- Assignment -
Return the data exactly, with all pictures removed.
━━━━━ Supplied information
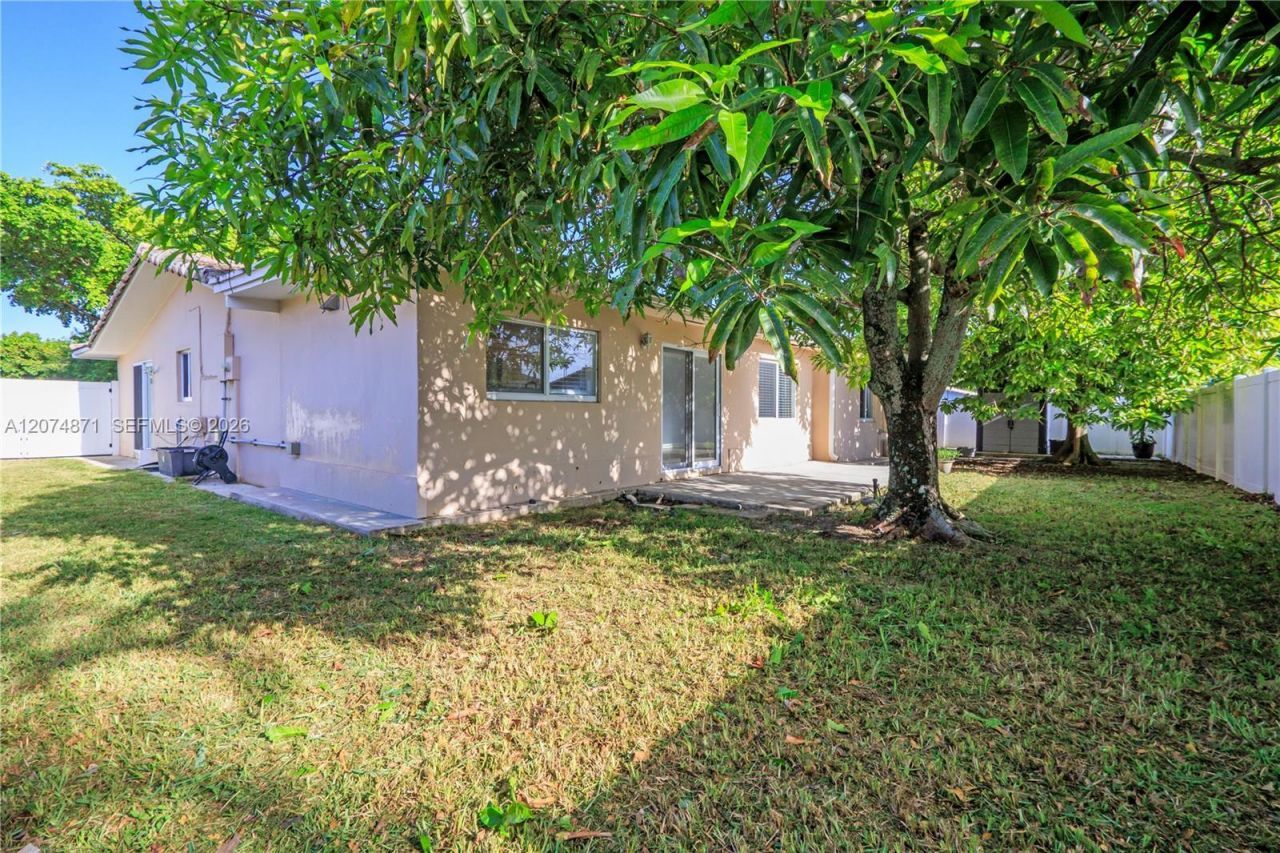 225 SW 102nd Pl , Sweetwater, FL 33174 Photo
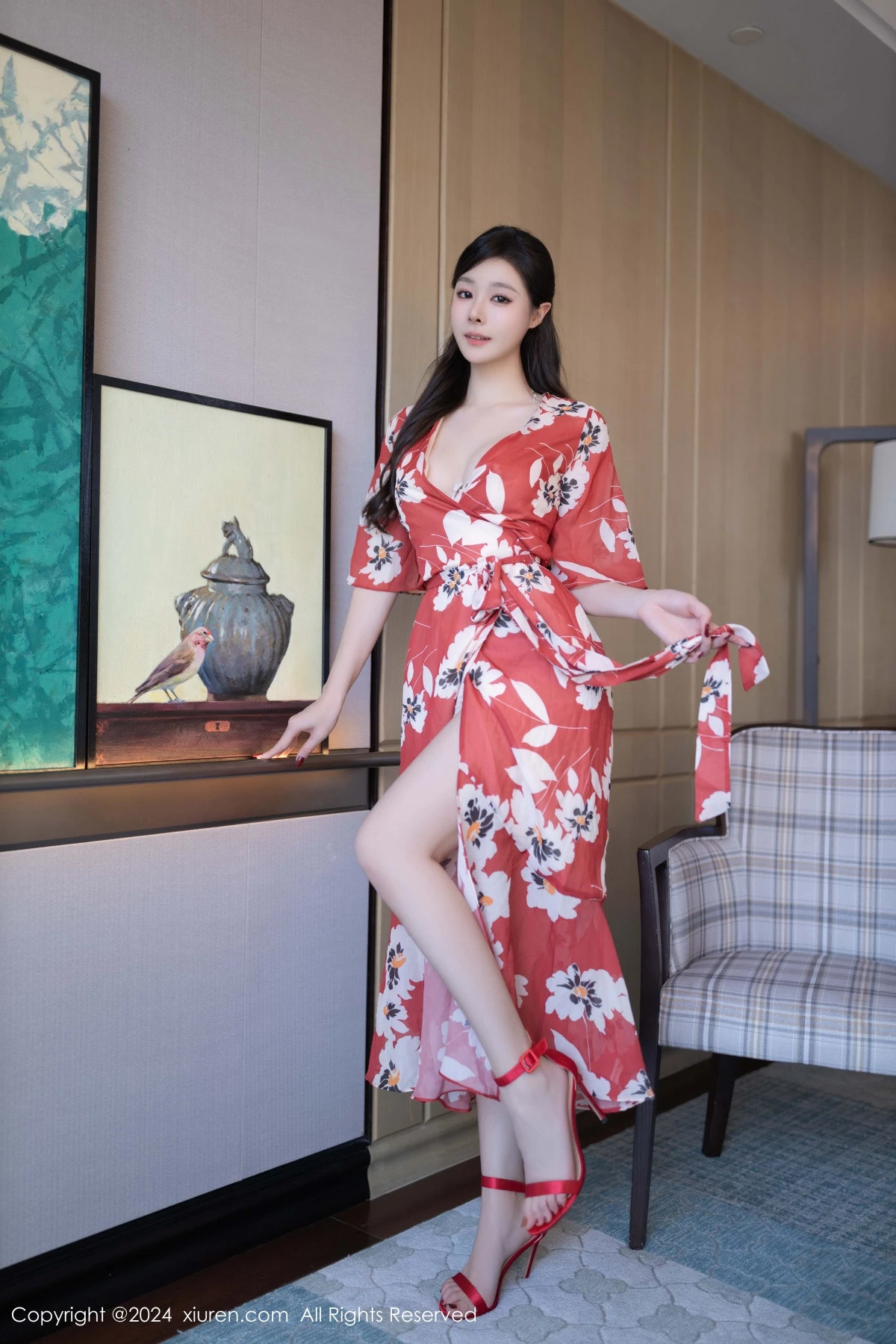 [[XiuRen秀人网]秀人网]No.9270_模特小逗逗性感花朵连衣裙露白色情趣内衣秀曼妙身姿诱惑写真80P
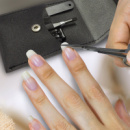 Estima Manicure Set+in use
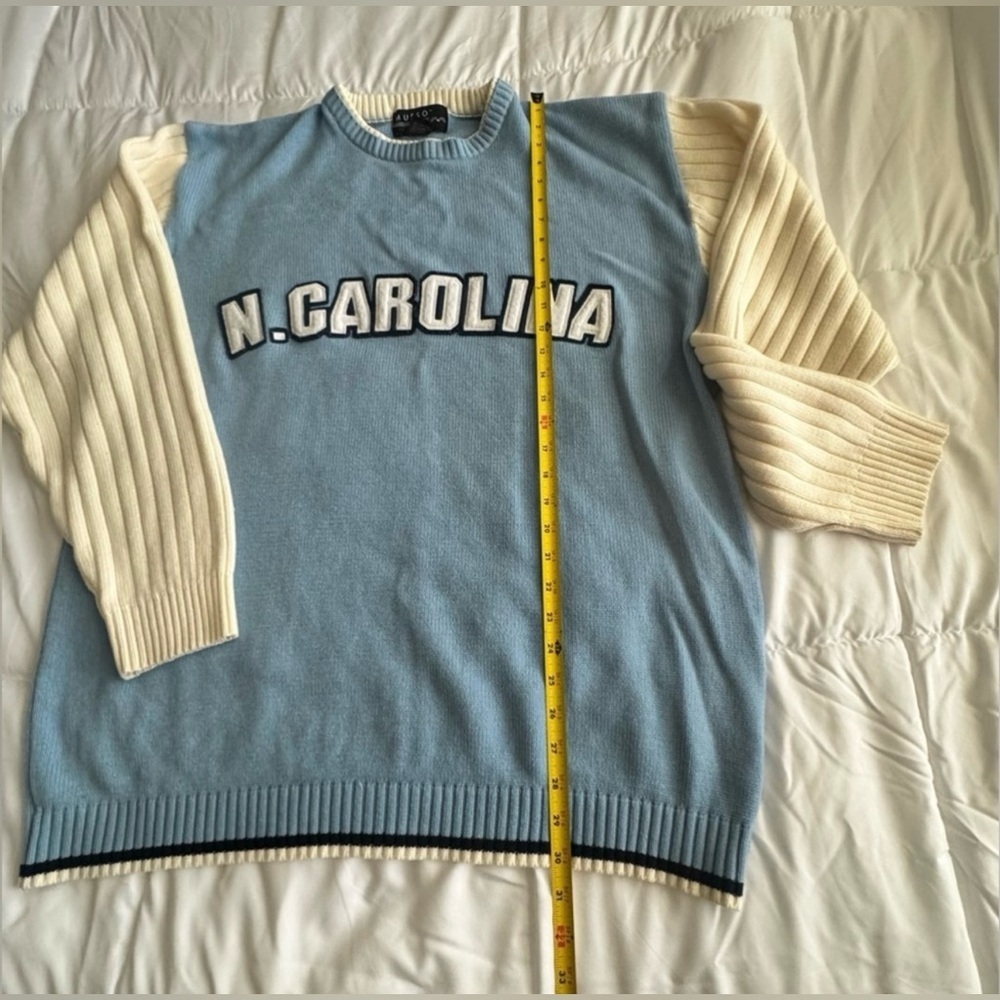 Vintage N. Carolina Blue and White Men's Sweater - Picture 3 of 6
━━━━━━━━━━
- Solution for this task -
 225 SW 102nd Pl , Sweetwater, FL 33174 Photo
 [[XiuRen秀人网]秀人网]No.9270_模特小逗逗性感花朵连衣裙露白色情趣内衣秀曼妙身姿诱惑写真80P
 Estima Manicure Set+in use
 Vintage N. Carolina Blue and White Men's Sweater - Picture 3 of 6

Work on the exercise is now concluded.